Quello che manca nell'insegnamento della matematica, è l'approccio critico al problema. Molto spesso si insegna meccanicamente una procedura di risoluzione, ma non a ragionare in maniera più completa e ad usare lo strumento corretto a seconda dei casi. Non è sicuramente facile, ma altrimenti si rischia di ridurre la matematica ad un puro meccanicismo da mandare a memoria.

Ad esempio, nel primo quesito, basta misurare i tre lati ed usare la formula di Erone (a me fu spiegata in prima media) per calcolare l'area. Non c'è quindi neanche bisogno di calcolare l'altezza. 

Trovo compeltamente fuori luogo l'esempio fatto dal sig. Ernesto: quel tipo di quesiti lasciamoli alla Settimana Enigmistica, non servono a niente se non a dimostrare che la persona possieda un po' di intuizione.

Da oltre trent’anni somministro un (doppio) test nella secondaria superiore (nel le classi finali, ché nel primo biennio mi accontento che comprendano il valore dei numeri e non scambino la virgola con il puntino delle migliaia): “Pierino ha comprato 2 quaderni e un diario e ha speso 7 €;  Luigino ha comprato, allo stesso prezzo unitario, 5 quaderni e due diari spendendo 15,50 €.  Quale è il prezzo di un diario e quale quello di un quaderno?”  Le risposte corrette non superano mai il 10% e non di rado sono zero. 

Dopo di che propongo l’esercizio  “2a + b = 7;    5a + 2b = 15,5” .  Buona parte degli studenti risolve correttamente il sistema di equazioni.

 

Da oltre trent’anni cerco di convincere i miei colleghi di matematica (insegno economia aziendale) a dedicare meno ore all’algebra e alla “meccanicità” degli esercizi  in cambio di più applicazioni concrete e al (conseguente) uso della logica.  I risultati, però, sono nulli: nella burocratica scuola italiana il livello raggiunto dalla resistenza al cambiamento dell’insegnante medio (di qualsiasi materia, ma comunque sopraffatto dal timore di non finire il sacro programma ministeriale) temo abbia  superato il punto di non ritorno.

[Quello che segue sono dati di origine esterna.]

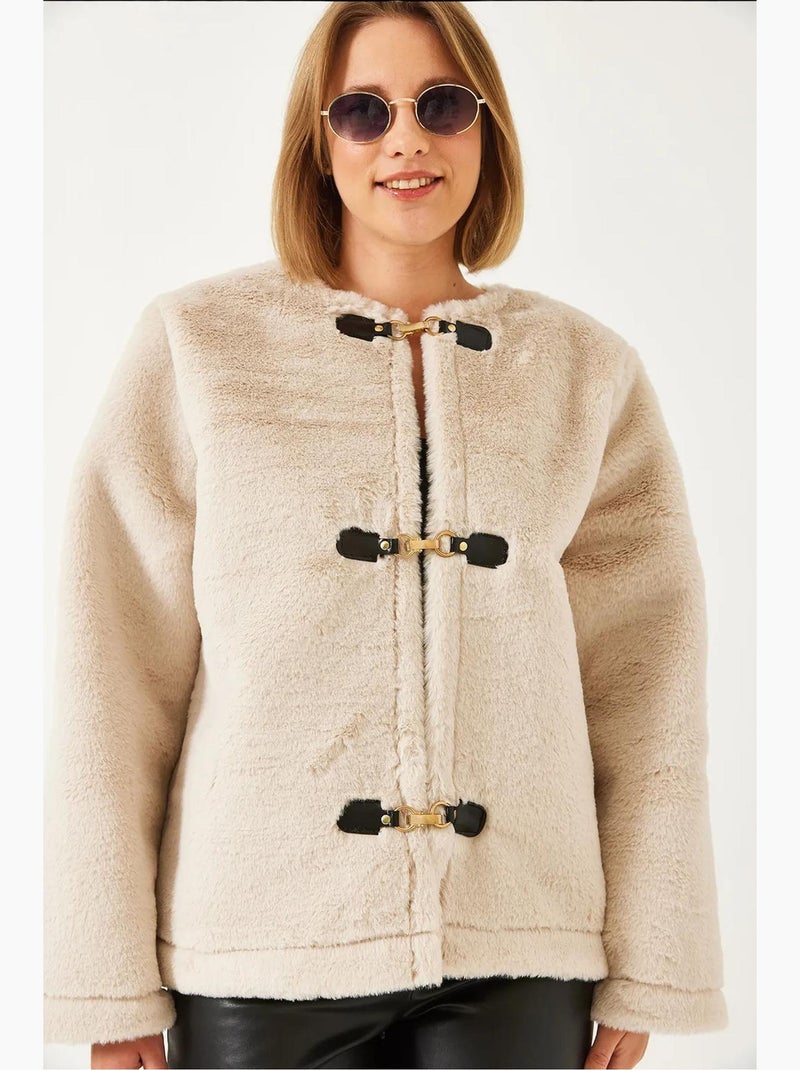 Chaqueta de pelo sintético sin cuello con cierres de alamar lucci Beige arcilla - Kiabi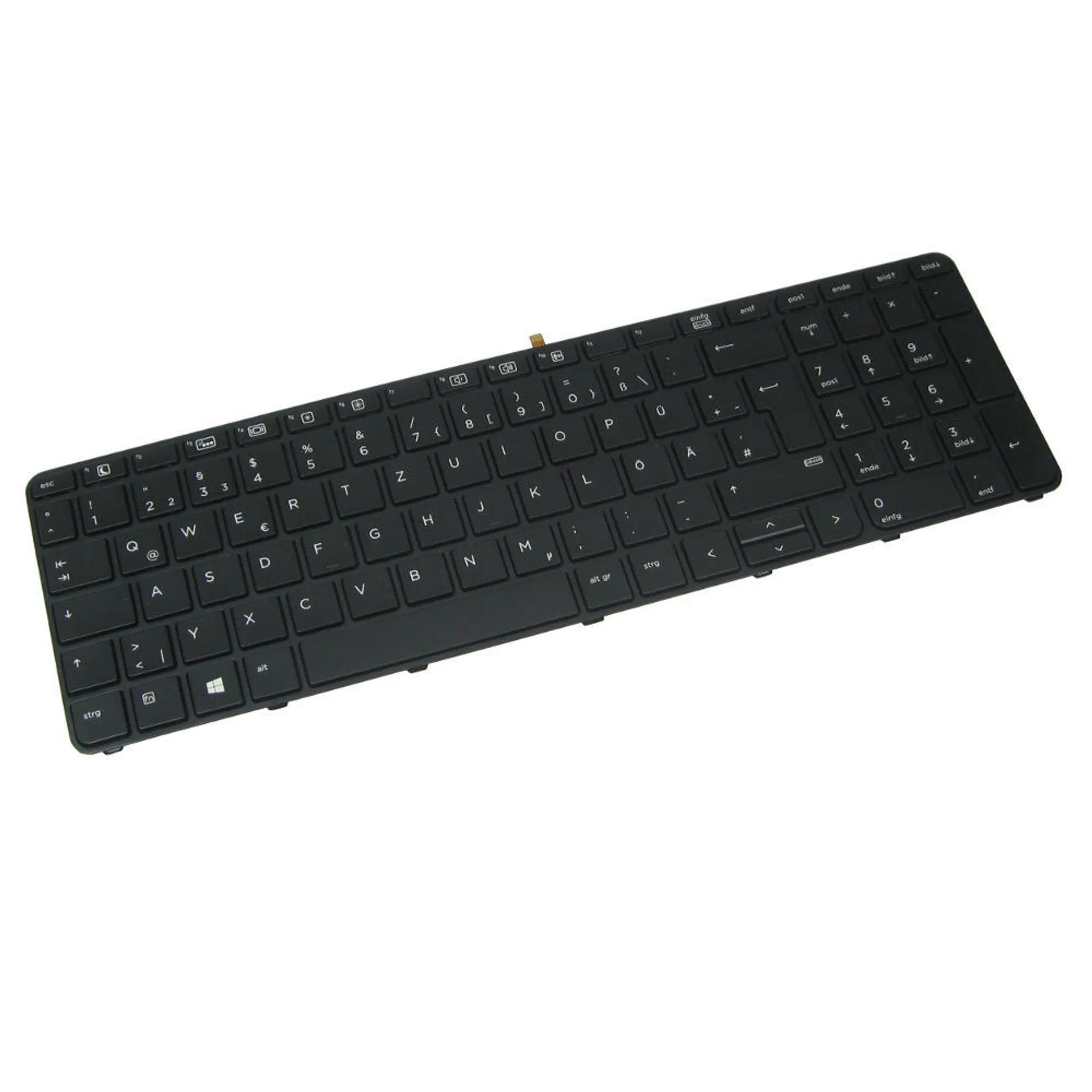 Keyboards4Laptops Deutsch Mit Zeiger Grau Rahmen Hinterleuchtet Schwarz Windows 8 kompatible Ersatz Tastatur kompatibel mit HP EliteBook 850 G3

Proprio per essere rigoroso ai limiti del pedante: visto che il quesito diceva "col righello" e non con squadra, o riga a "T" o goniometro, e visto che col solo righello la costruzione di segmenti perpendicolari tra loro è malagevole, il candidato avrebbe dovuto applicare la neglettissima (nella scuola italica) formula di Erone. Per quanto riguarda il sistema risolutivo del problema di Pierino: mi contenterei del fatto che gli alunni abbiano risolto il sistema, e spero che lo abbiano fatto col "vergognosissimo" metodo di addizione e sottrazione, da molti insegnanti di fatto vietato, perché troppo intuitivo, stringato e semplice. Per il resto: facciamocene una ragione, 20 secoli di Chiesa cattolica hanno bruciato in questo paese (direi come in Spagna: www.fisicamente.net/SCI_FED/index-49.htm) ogni possibile appeal nello studio delle matematiche e delle scienze; gli alunni studiano controvoglia, gl' insegnanti lavorano peggio, i genitori preferiscono comprare l' iPhone 39 piuttosto che un appoggio didattico per i propri figli, "tanto a che serve sapere X (con X che assume i valori: matematica, fisica, chimica, almeno basi di statistica,...)" ? Sorge il problema di come e quanto la Scuola possa elaborare, proporre e trasmettere nuovi valori ed atteggiamenti, ma qui, come scrisse un anonimo romano il giorno dopo l' ingresso degli alleati nella capitale, "lassatece a piagne da soli".